Da Gino c’è la pizzeria ma poi si mangia sardo

Come fa una pizzeria, per giunta decentrata, a insediarsi, in varie classifiche, quasi ai vertici della ristorazione triestina? Risposta semplice: perchè è anche una pizzeria, ma non solo. La vera...
Di Furio Baldassi

Come fa una pizzeria, per giunta decentrata, a insediarsi, in varie classifiche, quasi ai vertici della ristorazione triestina? Risposta semplice: perchè è anche una pizzeria, ma non solo. La vera sorpresa, in effetti, arriva quando assieme al consueto profluvio di margherite, romane o quattro stagioni ti viene proposto un intero menù sardo. Merito di Angela, sarda di nascita, che dopo la morte del marito, Luigi Napolano, è diventata l’anima del locale.

Parentesi a parte per lo stesso Napolano, cui viene accreditato il merito di essere stato il primo pizzaiolo approdato in città nel lontano 1963. All’epoca esercitava in via Ginnastica, vicino al Viale, in un posto che non c’è più, la pizzeria Da Michele. Da lì il volo verso vari altri locali, prima di dar vita alla sua pizzeria, insediata da oltre un decennio in via Pascoli, di fronte all’ex Eca, ora Itis. Immutata nel suo arredamento, che fa un po’ stube tirolese, ma rassicurante anche per questo.

Napolano, bisogna ricordare anche questo, era un vero artista del piatto più popolare. La sua pizza è sempre stata un perfetto connubio di flessibilità e croccantezza. Niente a che fare, dunque, con certi dischi volanti di pura gomma americana o tizzoni bruciacchiati in cui si incappa di tanto in tanto, e soprattutto col temutissimo effetto “litro di minerale nel cuore della notte” di cui rimane vittima chi mangia, di sera, pizze non ben lievitate.
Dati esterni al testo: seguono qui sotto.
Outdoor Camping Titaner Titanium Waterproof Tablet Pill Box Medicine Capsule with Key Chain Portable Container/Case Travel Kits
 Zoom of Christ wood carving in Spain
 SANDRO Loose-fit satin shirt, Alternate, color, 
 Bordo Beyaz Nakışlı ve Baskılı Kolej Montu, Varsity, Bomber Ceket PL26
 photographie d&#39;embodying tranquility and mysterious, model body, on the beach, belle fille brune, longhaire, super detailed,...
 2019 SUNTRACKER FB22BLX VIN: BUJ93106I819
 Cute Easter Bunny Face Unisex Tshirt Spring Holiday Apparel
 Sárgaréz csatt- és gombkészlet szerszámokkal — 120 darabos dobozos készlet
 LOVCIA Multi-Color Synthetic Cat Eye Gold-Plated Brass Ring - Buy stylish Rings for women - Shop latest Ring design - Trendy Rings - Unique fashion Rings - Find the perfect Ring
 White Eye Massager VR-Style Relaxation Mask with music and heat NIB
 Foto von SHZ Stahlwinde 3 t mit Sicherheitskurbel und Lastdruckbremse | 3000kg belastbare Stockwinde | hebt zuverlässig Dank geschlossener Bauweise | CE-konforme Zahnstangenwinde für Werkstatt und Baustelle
Un’arte, la sua, che è riuscito a tramandare al figlio Alessandro. Che ha anche una dichiarata passione per i piccoli produttori, siano quelli di formaggi o salumi sardi o quelli del “Continente”. Da provare, dunque, tra gli antipasti, il prosciutto di pecora o capra, le patate come si preparano a quelle latitudini, i funghi ripieni di crema di ricotta piccante.

Tra i primi, da non perdere la delicata consistenza delle “lasagne” di pane carasau e pecorino, o magari i kulurgiones burro e salvia, o le tagliatelle fatte in casa col ragù di pecora. E ancora: gli gnocchetti alla Campidanese, i ravioli con la ricotta sarda affumicata su crema di pecorino, un pasticcio con crema di carciofi e bottarga. Ampia dotazione anche quando si scende sul terreno della carne, dove non mancano neanche l’agnello da latte con olive di campagna e mirto, cotto nel forno a legna o la sella di agnello con pomodoro e piselli. Insomma, una specie di ambasciata di Cagliari e dintorni di cui probabilmente tanti ignorano l’esistenza.

Tra le bevande spunta qualche vinello sardo ma, visto il contesto, non perdetevi la “Buffa” una birra artigianale sarda, ambrata e gustosa.

Ai saluti finali, altro colpo di scena: va bene che è una pizzeria a metà, ma vedersi offrire invece dell’eterno limoncello due o tre tipi di mirto, sorprende in positivo. Ampia la forbice del conto finale. Sotto la media se si resta in settore pizzaiolo, sui 30 euro se si va sul menù sardo. Ma la curiosità, si sa, vince sempre.